When George W. Bush speaks, liberals are sure to react. But then Bush defended freedom of the press in an interview with the Today show’s Matt Lauer:

“I consider the media to be indispensable to democracy. We need the media to hold people like me to account. Power can be very addictive and it can be corrosive, and it’s important for the media to call to account people who abuse their power.” The 43rd president also said that “we need all the answers” concerning possible Russian efforts to intervene in the 2016 presidential election. …

… Liberals reacted very differently to George W. Bush than they ever they have before. Here’s a sample from Twitter:

Star Trek icon George Takei: “You know things are bad when George W. Bush starts sounding like a member of the Resistance.”

Former San Francisco mayor Gavin Newsom: “I am typing these words: President George W. Bush is right. Freedom of the press is ‘indispensable to democracy.’”

Glenn Greenwald: “2005: George W Bush is a pillaging, torturing war criminal who let a city drown.

2017: I may have disagreed with Bush but he was A Good Man™.”

Jedd Legum, editor, ThinkProgress: ”When did George W. Bush become a voice of reason?”

It wasn’t so long ago that liberals routinely claimed that Bush lied about weapons of mass destruction in Iraq, said that he had had advance knowledge of 9/11, and compared him to Hitler.
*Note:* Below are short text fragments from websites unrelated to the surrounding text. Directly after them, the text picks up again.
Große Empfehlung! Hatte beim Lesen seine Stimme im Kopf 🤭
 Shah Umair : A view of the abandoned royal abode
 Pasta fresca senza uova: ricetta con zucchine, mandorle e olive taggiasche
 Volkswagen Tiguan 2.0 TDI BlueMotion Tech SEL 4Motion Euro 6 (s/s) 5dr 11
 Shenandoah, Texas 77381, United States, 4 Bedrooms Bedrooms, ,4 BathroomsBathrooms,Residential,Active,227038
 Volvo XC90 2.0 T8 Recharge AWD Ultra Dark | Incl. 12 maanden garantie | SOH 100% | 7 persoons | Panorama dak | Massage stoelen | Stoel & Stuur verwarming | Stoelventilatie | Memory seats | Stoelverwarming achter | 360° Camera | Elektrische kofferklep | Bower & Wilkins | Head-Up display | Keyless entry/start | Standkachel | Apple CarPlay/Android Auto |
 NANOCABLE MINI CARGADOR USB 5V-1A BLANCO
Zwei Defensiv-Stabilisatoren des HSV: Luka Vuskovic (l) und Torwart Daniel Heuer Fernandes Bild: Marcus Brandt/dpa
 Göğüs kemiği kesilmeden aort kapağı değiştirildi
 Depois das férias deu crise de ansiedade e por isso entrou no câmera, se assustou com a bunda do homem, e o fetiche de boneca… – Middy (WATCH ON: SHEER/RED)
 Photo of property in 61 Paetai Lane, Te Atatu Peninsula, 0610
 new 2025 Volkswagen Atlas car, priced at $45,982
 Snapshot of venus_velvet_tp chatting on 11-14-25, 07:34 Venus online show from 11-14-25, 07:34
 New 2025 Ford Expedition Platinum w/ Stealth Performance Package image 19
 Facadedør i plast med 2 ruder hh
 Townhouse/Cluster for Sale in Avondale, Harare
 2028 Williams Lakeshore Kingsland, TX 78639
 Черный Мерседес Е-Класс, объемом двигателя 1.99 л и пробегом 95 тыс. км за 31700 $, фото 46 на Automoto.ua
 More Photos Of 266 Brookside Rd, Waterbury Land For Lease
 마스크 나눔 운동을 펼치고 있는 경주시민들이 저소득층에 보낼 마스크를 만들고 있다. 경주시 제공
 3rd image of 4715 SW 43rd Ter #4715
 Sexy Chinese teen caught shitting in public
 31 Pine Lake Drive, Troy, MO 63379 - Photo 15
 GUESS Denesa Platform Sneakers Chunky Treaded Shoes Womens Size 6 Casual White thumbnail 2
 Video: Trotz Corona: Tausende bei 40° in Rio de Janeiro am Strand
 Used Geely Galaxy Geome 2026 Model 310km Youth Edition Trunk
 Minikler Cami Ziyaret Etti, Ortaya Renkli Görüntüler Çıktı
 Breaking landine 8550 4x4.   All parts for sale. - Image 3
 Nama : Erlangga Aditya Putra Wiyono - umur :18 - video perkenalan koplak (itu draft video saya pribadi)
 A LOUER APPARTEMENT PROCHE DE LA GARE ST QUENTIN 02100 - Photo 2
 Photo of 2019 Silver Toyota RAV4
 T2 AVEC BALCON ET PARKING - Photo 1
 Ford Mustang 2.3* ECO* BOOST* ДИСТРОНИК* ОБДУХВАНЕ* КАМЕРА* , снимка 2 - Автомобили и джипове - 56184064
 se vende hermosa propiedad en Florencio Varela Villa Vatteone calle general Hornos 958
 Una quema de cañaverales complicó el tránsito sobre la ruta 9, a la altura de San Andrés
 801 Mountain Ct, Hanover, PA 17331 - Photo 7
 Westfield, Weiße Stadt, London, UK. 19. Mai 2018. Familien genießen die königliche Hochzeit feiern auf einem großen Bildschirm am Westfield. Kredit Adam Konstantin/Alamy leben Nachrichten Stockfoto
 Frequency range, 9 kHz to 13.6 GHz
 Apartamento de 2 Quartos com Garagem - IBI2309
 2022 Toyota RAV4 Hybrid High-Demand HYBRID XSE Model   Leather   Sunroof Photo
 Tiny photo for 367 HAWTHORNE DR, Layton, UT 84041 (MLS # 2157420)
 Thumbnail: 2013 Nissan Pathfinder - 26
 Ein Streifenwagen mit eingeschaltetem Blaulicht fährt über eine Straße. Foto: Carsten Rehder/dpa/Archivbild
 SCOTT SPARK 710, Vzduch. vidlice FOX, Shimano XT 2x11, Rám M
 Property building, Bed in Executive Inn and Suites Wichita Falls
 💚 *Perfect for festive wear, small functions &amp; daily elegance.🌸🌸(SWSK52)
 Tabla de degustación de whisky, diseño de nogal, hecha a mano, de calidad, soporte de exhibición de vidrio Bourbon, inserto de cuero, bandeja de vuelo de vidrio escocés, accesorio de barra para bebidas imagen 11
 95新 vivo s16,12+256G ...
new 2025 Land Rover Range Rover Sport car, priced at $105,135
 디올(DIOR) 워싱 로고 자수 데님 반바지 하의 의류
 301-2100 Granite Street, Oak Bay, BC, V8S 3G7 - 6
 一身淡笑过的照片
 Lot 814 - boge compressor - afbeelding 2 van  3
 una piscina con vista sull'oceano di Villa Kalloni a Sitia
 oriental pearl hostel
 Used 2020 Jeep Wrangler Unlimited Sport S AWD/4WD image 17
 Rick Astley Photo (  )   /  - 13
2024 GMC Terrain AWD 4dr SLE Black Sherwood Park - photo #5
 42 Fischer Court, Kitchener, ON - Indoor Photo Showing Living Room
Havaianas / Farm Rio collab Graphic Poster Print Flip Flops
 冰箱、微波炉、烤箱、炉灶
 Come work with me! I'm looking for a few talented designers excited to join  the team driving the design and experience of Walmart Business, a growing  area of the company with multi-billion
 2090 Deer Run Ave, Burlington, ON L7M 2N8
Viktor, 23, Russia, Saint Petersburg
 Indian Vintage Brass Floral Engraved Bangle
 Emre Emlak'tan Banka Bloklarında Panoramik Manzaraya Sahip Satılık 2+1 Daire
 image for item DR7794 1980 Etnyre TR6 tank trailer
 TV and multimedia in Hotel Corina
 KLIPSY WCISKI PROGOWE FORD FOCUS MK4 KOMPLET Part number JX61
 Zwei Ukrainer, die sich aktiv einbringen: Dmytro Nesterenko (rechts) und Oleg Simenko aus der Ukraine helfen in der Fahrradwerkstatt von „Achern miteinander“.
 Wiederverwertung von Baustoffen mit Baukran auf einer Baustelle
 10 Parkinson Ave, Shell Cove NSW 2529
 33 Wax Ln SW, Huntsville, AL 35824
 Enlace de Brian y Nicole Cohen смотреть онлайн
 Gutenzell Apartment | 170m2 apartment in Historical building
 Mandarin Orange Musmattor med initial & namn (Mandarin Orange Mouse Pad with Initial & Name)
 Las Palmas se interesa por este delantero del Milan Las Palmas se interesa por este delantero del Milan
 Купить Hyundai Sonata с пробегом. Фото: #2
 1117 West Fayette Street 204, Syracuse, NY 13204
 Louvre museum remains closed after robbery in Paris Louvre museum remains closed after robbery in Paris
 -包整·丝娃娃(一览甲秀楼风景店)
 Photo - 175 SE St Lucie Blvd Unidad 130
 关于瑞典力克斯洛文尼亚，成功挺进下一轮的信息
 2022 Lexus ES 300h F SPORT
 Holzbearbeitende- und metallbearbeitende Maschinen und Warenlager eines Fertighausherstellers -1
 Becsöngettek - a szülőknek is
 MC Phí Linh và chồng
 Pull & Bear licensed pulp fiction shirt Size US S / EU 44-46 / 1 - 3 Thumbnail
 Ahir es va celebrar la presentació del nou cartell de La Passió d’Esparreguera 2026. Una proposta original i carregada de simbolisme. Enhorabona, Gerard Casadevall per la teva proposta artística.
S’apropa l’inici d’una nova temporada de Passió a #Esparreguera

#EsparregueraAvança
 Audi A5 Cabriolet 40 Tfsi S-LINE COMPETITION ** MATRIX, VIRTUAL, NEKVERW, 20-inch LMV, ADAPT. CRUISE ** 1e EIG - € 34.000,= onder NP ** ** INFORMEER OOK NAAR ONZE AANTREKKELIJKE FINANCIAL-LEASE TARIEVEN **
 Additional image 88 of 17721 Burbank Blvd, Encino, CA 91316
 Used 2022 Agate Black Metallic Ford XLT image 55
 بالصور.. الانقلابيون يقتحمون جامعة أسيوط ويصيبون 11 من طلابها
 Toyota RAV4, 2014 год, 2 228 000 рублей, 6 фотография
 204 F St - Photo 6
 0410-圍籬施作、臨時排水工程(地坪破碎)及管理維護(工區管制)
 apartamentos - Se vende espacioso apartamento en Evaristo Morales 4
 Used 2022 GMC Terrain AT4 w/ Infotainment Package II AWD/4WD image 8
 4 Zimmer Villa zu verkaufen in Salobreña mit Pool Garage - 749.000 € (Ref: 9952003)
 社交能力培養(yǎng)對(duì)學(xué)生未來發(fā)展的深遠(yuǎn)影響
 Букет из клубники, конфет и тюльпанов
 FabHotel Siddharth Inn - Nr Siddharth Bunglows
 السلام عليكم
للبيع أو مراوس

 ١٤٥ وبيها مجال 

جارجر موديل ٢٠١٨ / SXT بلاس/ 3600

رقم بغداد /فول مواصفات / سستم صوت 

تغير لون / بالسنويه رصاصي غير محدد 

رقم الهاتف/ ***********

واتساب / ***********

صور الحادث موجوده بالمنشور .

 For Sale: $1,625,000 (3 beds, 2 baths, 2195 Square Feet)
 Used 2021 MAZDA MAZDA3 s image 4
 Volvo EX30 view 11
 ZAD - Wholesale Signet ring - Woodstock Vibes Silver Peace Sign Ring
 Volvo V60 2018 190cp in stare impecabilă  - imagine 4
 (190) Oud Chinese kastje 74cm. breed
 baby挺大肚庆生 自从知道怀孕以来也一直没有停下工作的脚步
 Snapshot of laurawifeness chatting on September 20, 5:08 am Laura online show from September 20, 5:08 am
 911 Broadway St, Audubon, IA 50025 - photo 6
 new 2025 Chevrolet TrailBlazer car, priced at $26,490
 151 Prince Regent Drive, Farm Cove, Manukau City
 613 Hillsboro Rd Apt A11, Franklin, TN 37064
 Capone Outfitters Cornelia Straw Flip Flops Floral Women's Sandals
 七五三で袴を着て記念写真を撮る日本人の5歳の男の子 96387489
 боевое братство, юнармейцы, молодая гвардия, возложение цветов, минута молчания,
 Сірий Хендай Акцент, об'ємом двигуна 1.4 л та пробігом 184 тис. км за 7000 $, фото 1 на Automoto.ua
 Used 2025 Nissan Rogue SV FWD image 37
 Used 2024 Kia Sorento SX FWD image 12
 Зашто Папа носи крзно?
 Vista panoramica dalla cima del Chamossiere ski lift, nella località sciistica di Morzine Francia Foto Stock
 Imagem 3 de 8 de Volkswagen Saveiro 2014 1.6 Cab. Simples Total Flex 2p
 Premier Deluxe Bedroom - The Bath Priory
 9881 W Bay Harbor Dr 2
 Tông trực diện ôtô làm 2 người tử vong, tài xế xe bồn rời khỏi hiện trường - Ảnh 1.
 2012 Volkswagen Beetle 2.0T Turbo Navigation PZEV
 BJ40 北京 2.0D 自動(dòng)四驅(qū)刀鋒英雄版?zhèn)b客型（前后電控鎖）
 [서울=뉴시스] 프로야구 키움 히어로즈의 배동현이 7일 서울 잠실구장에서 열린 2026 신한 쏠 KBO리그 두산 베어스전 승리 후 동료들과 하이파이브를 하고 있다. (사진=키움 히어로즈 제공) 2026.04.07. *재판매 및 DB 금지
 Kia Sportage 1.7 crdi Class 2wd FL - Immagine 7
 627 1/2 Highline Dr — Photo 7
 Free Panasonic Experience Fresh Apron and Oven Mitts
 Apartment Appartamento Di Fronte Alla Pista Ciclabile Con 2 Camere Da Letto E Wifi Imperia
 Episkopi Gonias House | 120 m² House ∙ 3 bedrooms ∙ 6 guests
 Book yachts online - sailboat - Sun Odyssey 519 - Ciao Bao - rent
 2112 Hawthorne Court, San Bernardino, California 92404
These developments remind me of Mark Twain’s apocryphal quote about his father: “When I was a boy of fourteen, my father was so ignorant I could hardly stand to have the old man around. But when I got to be twenty-one, I was astonished at how much he had learned in seven years.” Could it be that liberals have finally grown up? In the case of George W. Bush, liberals are astounded at how much he’s learned in eight years.